Marking New Territory
Sometimes in therapy things come into focus, and we know we’ve made a comprehensive leap in our understanding. This could be in relationship to a parent, work, a partner, and, certainly, with ourselves.
In indigenous cultures, rights of passage, especially for men, were often marked by a wound, examples would be a tooth being knocked out or a circumcision. In Western Culture, we don’t have these collective experiences as much. And, even when we do seek them out, they can seem contrived and inauthentic. I’ve been on 4 Wilderness Quests, but I can’t really say any of them achieved what I was looking for, and that’s not a knock.
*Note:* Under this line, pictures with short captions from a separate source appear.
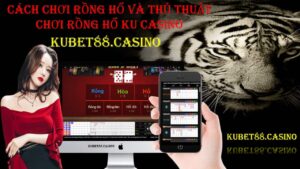 cach-choi-rong-ho-va-thu-thuat-choi-rong-ho-ku-casino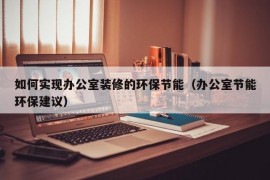 如何实现办公室装修的环保节能（办公室节能环保建议）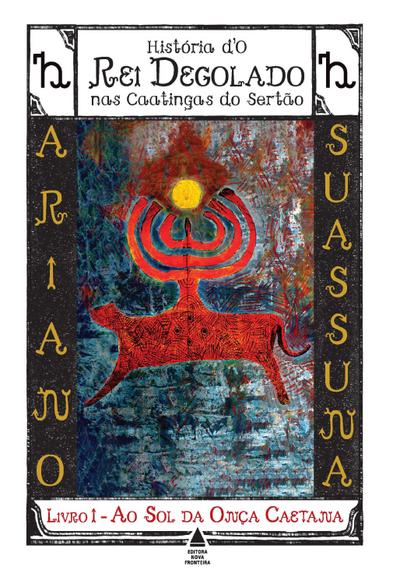 Ao Sol da Onça Caetana - História d’O Rei Degolado nas Caatingas do Sertão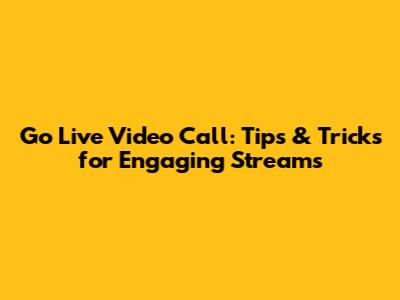 Go Live Video Call: Tips & Tricks for Engaging Streams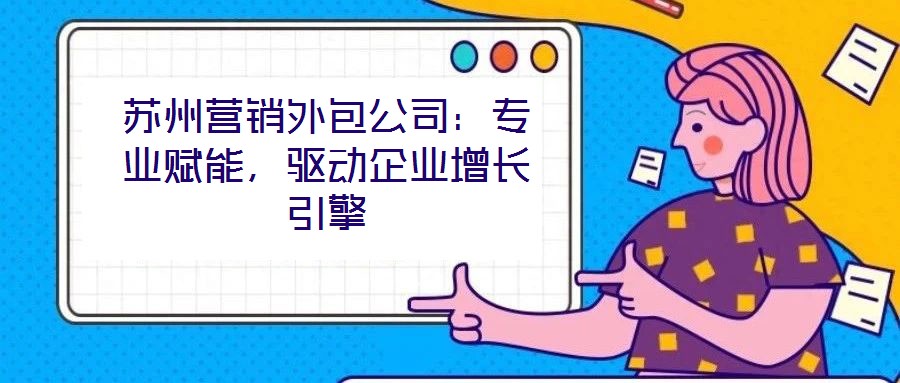 蘇州營(yíng)銷外包公司：專業(yè)賦能，驅(qū)動(dòng)企業(yè)增長(zhǎng)引擎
They helped, and the first one, especially, was powerful, and initiated some changes. But my experience of IFS therapy is that the changes are deeply impactful and affect all areas of life, especially relationships. They are tangible.
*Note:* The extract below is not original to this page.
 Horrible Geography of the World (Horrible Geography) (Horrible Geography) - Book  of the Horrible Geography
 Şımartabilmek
I think what’s really going on is that a long-standing trauma response or trauma pattern gets resolved. Often these traumas happen in early or mid-childhood and/or teen years, and, when one maps out the effects on one’s life, from, say 11 years old, the consequences of decisions made at that age based on a trauma are enormous. Something that happens at 8 can affect someone’s entire life path, and entire pattern of coping, and at 3 or 4 years of age, even more.
That’s why I believe this work is so important, and I will continue doing it for as long as I can. Resolving these early traumas positively affects codependent patterning, compulsive and addictive behaviors, the ability to feel habitually repressed feelings, and the ability to communicate needs and wants clearly and with authenticity. There is no price tag for these kinds of changes!
I have a client who has worked a ton on owning his own voice within his relationships and, especially, with his parents. He recently was able to communicate clearly and with power, directly with his father, his experience of their relationship and the ways in which his father has come up short. It wasn’t judgmental or anger driven, just factual and with heartfelt power. He told me that he was very clear that he was protecting his own son from his father’s inability to show up consistently and in a healthy way. He was very clear that his intention was to claim his voice in that relationship and be heard. And he was. He was also very clear that he didn’t need his father to change, that he would act according to his own truth and awareness of himself and his body, and his father could either show up in loving ways or he would remain on the periphery of his and his family’s life. Powerful. I wanted to reach across the zoom world and knock out one of his teeth:)
It can be really helpful to mark a moment like this. I asked this man if there was some way he could mark it for himself, and he’s thinking about that. There are many options like buying a piece of jewelry, going out into nature and performing a ritual, getting a tattoo, writing your account of the experience and how it made you feel, changing your home environment in some way with a piece of art or rearranging a room, or playing with an element like fire or water. These are just some of the things that you can do to mark and deepen change.
As a therapist, I find that as I continue to do my work. And it is work. My clients deepen with me. A therapist really needs to have traversed territory within themselves in order to help others. My commitment to myself and to my clients is to continue to do the deep soul work that reverberates throughout my practice and my life, so that I can be a guide for others. And IFS is a big part of that.